Scraped caption text data:
-=-=-

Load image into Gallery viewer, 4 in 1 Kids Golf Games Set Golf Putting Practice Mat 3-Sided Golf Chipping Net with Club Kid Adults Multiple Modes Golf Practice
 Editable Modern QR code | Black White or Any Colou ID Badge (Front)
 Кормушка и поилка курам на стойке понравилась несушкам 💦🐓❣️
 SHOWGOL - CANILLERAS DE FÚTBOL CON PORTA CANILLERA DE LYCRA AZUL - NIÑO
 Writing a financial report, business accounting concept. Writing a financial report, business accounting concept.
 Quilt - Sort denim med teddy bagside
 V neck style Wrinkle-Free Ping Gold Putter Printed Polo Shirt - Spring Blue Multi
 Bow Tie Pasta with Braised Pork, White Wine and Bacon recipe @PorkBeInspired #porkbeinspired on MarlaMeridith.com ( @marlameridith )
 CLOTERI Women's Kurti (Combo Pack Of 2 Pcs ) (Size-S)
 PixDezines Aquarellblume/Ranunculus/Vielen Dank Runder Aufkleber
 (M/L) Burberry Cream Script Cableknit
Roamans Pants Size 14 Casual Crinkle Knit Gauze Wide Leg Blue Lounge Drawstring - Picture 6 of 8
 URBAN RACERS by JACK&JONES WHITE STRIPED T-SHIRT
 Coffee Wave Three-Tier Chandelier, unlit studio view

-=-=-

WORK REQUEST
Return all lines from the entries that contain the string "Blue".

TASK OUTPUT
 V neck style Wrinkle-Free Ping Gold Putter Printed Polo Shirt - Spring Blue Multi
Roamans Pants Size 14 Casual Crinkle Knit Gauze Wide Leg Blue Lounge Drawstring - Picture 6 of 8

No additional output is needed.